Organ Mountains, New Mexico

Those looking for a challenge can tackle The Needle. This is a difficult climb, taking in 4,000 ft (1,220 m) of elevation gain, and requires route finding and Class 3 or 4 scrambling. Rock climbers should take note to carry water and to watch out for cactus, thornbush, yucca, and rattlesnakes. Another challenging route is the Organ Needle Trail.

Baylor Pass National Recreation Trail

The Baylor Pass National Recreation Trail is six miles (9.7 km) one way between the Aguirre Spring Campground on the east side and Baylor Canyon Road on the west side. It is open for hikers and horses and has about 920 ft (280 m) of elevation gain.

The Pine Tree Trail also leaves from the Aguirre Spring Campground and is a four mile (6.4 km) loop trail open only to hikers. Both The Baylor Pass Trail and Pine Tree Trail offer great views of the Organ Mountains and Tularosa Basin.

Organ Mountains, New Mexico

Those wanting to add a few miles to their Baylor Pass hike can choose to summit Baylor Peak (7,733 ft/2,357 m). From the pass, look for a rugged trail heading towards the peak. It will require some bushwacking on the way up but views from the top are great.

Dripping Springs Trail Complex

This is a great, easy trail for those interested in history. The Dripping Springs Trail Complex is located at the A.B. Cox Visitor Center. The Visitor Center is a great information resource with exhibits about the area’s history, prehistory, and a native plant garden.

The trail itself is 1.5 miles (2.4 km) one way, largely uphill. It passes Dripping Springs to arrive at the historic resort of Colonel Eugen Van Patten, a settler who was part of the area’s stagecoach operation. The trail also goes by the ruins of Dr. Nathan Boyd’s home who homesteaded nearby in the early 1900s.

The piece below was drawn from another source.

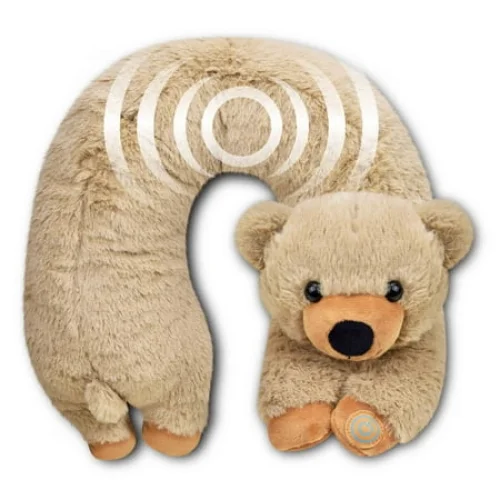 Health Touch Neck Massaging Massager Gift with Relaxing Vibration- Bear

Organ Mountains, New Mexico

Dripping Springs Visitor Center

Major Cities

Las Cruces, New Mexico and El Paso, Texas are both only a short drive from the mountains. There are campgrounds near the mountains for those wanting to stay nearby.

Las Cruces, New Mexico

Las Cruces has a population of 113,000 people and is only half an hour by car from the mountains. In addition to the Organ Mountains, there are plenty of trails to hike, bike, and horseback ride in the neighboring Doña Ana Mountains and Slot Canyon. The city is also a great stop over if you’re planning to visit White Sands National Park.

Las Cruces, New Mexico

Another way to get a taste of local life and history is with a visit to the New Mexico Farm and Ranch Heritage Museum. This 47 acre (19 ha) museum covers centuries of farming and ranching in the region, with cow milking, blacksmithing, quilting, and water dowsing demonstrations.

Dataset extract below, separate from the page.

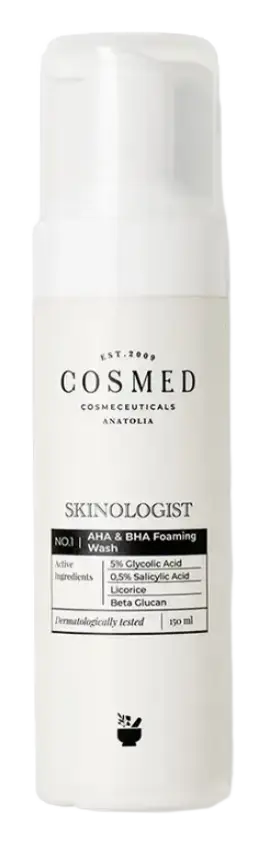 Cosmed Skinologist AHA & BHA Foaming Wash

The city offers great Mexican and New Mexican cuisine. It also has a host of other dining options including American classics like BBQ and grills, and some international cuisines. There are hotels and motels to match any budget, as well as B&Bs, RV parks, and campgrounds.

El Paso, Texas

El Paso is home to 678,000 people and sits on the border with Mexico. It is a one hour drive south from the Organ Mountains. From the city, top spots to explore in the area include the Franklin Mountains, the Aztec Caves, and the Hueco Tanks State Park & Historic Site with pictographs from early inhabitants.

In town, be sure to check out artists and farmers markets for a taste of local life. The city offers a range of cuisines but does Mexican food, steakhouses, BBQ, and grills particularly well. There are affordable hotels and motels for those on a budget, and lovely historic hotels if you’re looking for a fancier stay. Campgrounds and RV parks are located outside the city.